A pod of Belugas, numbering several dozen, greeted us at the mouth of the Rivière Saguenay, writhing and frenzying as might a pack of wild dogs, their finer features entirely lost on faces and backs overwhelming white. Obeying his training and the laws of the estuary, our pilot slowed his craft and maintained his heading, taking us away from these endangered creatures and their simmering sea as gently and predictably as he could. When it comes to the white whale, we may not linger.
A little ways on we found Fin whales, the second largest animal on the planet, and their smaller cousin, the Minke, closing ranks around us. So many spouts lit the horizon it was difficult to know which direction deserved our attention, and which whales were soliciting the majority of shouts. The matter was settled by a single Humpback who, still a ways in the distance, threw her head and torso into the open air, both fins held open in divine surrender. The sonic boom of her re-entry took several seconds to reach us, so our pilot edged closer and cut his engines. Other zodiacs did the same, their passengers squealing as two or three Humpbacks surfaced immediately off their bows and spouted into their airspace. Then she jumped again.
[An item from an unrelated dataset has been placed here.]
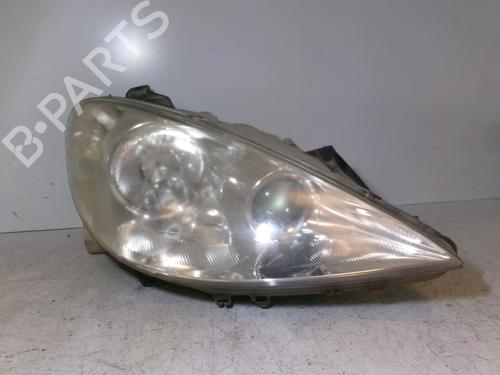 Used Right headlight PEUGEOT 807 (EB_) 2.0 HDi (107 hp) 28175095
Almost all whales breach (which is to say, jump), but none more frequently, or with more abandon, than the Humpbacks. This time she left the water entirely, 13 metres and 30 tonnes of mammal crossing the barrier between worlds, her appearance as stupefying as lightning, her landing as loud as thunder. The entire performance took only an instant, and was among the finest things I have ever seen. There is no bracing yourself for the breach. It happens and you are speechless, and only minutes later you cannot believe it happened at all, your brain actively fighting the momentum of memory.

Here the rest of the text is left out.